Going for the Full Monti (Re: How to improve Squeak)
Avi Bryant
avi at beta4.com
Wed Jul 14 18:19:43 UTC 2004
On Jul 14, 2004, at 7:25 AM, danielv at tx.technion.ac.il wrote:
> For example, I reviewed a patch, it seems sane, I file it in. I keep on
> working, and testing other patches, until I have a chance to notice
> some
> bugs come up that are related to that patch. So we shouldn't assume a
> stack discipline to patch application.
But if you're testing multiple patches at once, what you're really
testing is whether or not to patches can coexist. Which is a good
thing to test (and probably deserves a version of its own, with a
commit message like "successfully merged changes A and B, had to make
minor tweak C"), but you should have tested them in isolation first,
surely?
If you were really careful, you would use a "stack discipline" in your
day to day development, too. That is, the ideal thing from
Monticello's point of view would be that, every time you started a new
set of changes, you reverted back to the earliest version that could
support them and continued from there. If the next changes you make
are unrelated to those, you revert back again and branch. Then if both
of those changes are required to do the next changes, you merge the two
resulting versions and use that as the baseline going forward. But you
shouldn't do them linearly, because that implies to the versioning
system that the second changes are dependent on the first, and you'll
have trouble if you later want to use them on their own.

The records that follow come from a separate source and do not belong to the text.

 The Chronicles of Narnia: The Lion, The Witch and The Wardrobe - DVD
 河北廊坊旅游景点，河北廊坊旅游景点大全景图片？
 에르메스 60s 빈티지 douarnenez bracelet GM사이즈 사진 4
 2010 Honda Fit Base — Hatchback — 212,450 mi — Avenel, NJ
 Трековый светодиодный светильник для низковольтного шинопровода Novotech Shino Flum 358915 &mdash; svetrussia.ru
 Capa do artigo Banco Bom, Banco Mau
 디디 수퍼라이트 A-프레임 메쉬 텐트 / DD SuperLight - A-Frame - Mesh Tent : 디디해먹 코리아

Now, I don't do this much in practice, because it's a hassle, and not
the way I'm used to working. But it would be interesting to see if
this awareness of the dependence and independence of sets of changes
could be integrated into the development environment well enough that
it was a natural and pleasant way to work.
> Also, I might later on have
> additional comments to add that are related to that patch like "also
> appears to solve the X bug", even without changing the code.

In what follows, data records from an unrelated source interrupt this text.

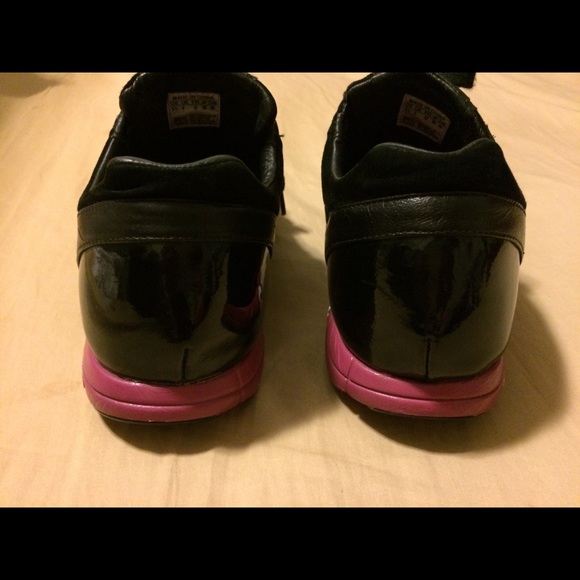 Adidas y3 yohji yamamoto rare running shoe size9.5 - Picture 4 of 8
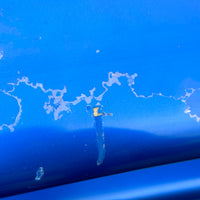 Jdm 02-07 Subaru Impreza WRX STi Trunk Lid Wing Spoiler Sedan GDA GDB V7 V8 V9
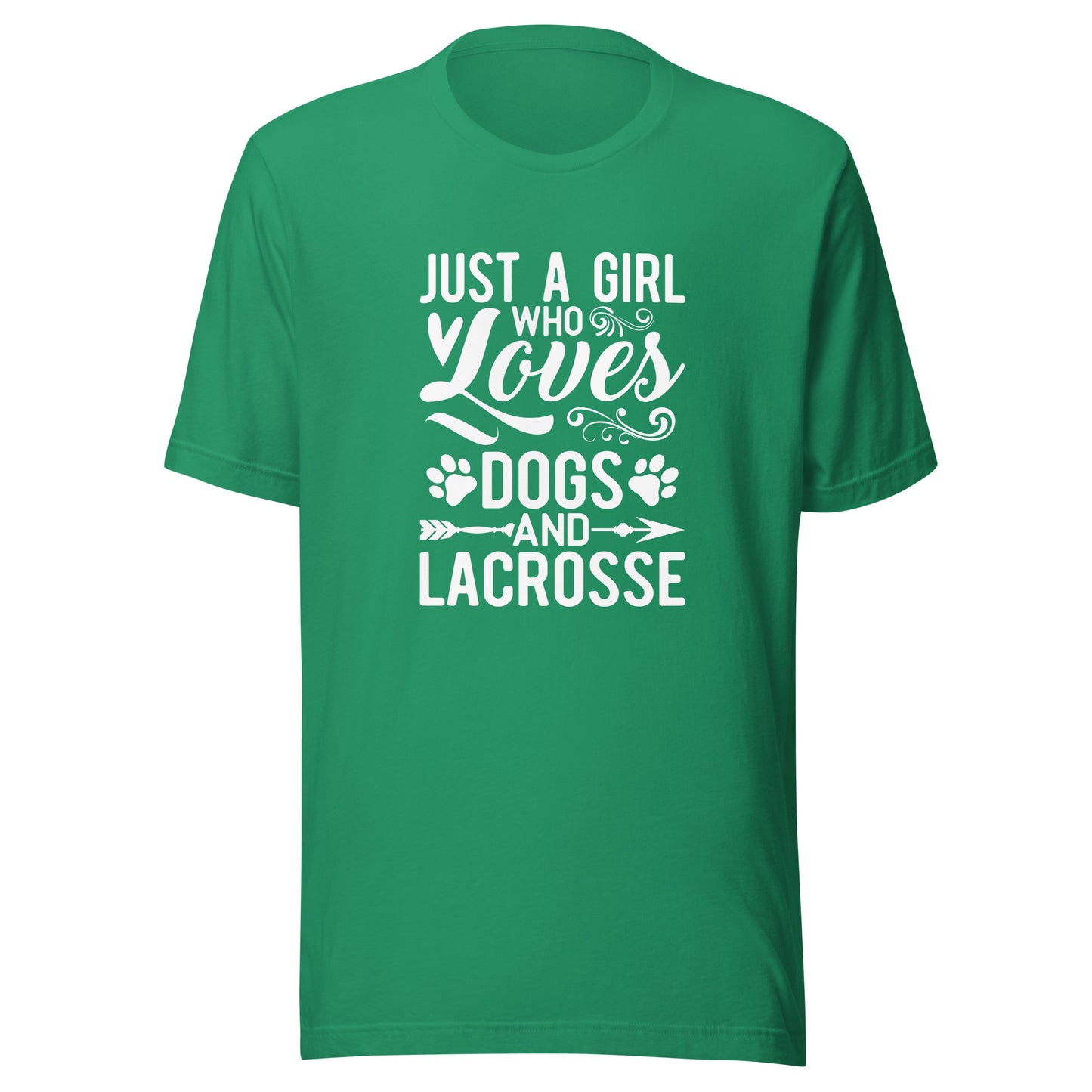 Adult The Locker Room Bella + Canvas T-Shirt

Oh, I'm not really suggesting that the commit log be the only source of
comments. We definitely want some kind of bug-tracking system that's
connected to all this that is organized by thread, not by version. But
I think the traditional "issue" is more appropriate here than "patch":
as in the BFAV, you want to track comments and associated
changesets/versions right from the time the bug is reported to the time
it's closed, not just the history of a particular changeset. It sounds
like the question you're asking is "how do we replace the BFAV", and I
was trying to answer "how do we replace the update stream". I think
the answer to the latter will inform the former - except we won't
really replace it, just migrate it to a slightly different workflow.